Why does technology struggle to attract women?

By 28th September 2012Corporate Blog

Looking at the technology industry from the outside in, one might be forgiven for thinking that it is a place of contradictions; the IT world’s geek image generating ‘cool’ brands, social media initiating anti-social behaviour, well, you get the picture.


Women in tech: Hewlett-Packard’s Meg Whitman


However, as writer Ayn Rand once said: ‘Contradictions do not exist. Whenever you think you are facing a contradiction, check your premises. You will find that one of them is wrong.’


This week had me addressing my own premises to understand the contradiction of women in technology and here is why: the technology industry, and IT in particular, struggles to make careers attractive to women.


To start with the positive, Fortune announced its annual Most Powerful Women Ranking this week, showing that the technology sector dominates when it comes to the world’s most influential women. At number one was IBM CEO Ginni Rometty, with Hewlett-Packard¹s Meg Whitman, Facebook¹s Sheryl Sandberg and Oracle’s Safra Catz appearing in the top ten.

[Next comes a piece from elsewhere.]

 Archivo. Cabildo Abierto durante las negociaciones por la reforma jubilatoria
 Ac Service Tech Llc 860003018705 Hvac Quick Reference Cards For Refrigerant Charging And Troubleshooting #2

A total of 16 per cent of the women in the league came from the technology sector, the highest proportion of any industry named.


So clearly something is working to attract some of the best female business minds to technology.


However, after witnessing two recent cases of institutionalised sexism, generated from two key institutions of the technology sector, as people looked on unphased, no comment made, I was left perplexed, trying to understand the lack of reaction.


First, at the Gartner Security & Risk Symposium, an analyst made a joke about people being available to answer technical questions ‘unlike the ones in short-skirts’.


The second case came in the form of a headline on the Computer Weekly site, reading: “Wives of Computer Weekly readers rejoice we’re no longer in print.”


Not the most favourable moments from these pillars of the technology industry I think you and, indeed, they, would agree.


Only in March this year, the Guardian’s technology editor Charles Arthur asked in an article: “Why aren’t there more women in technology?” He cited several cases that had occurred at that time on the US west coast, a pivotal home to technology, where women had been treated with contempt under the guise of jokes and flip remarks.


The key point raised, for me, came as Arthur posed, to his male readers, the question: “How much of this behaviour goes on which you just don’t notice?”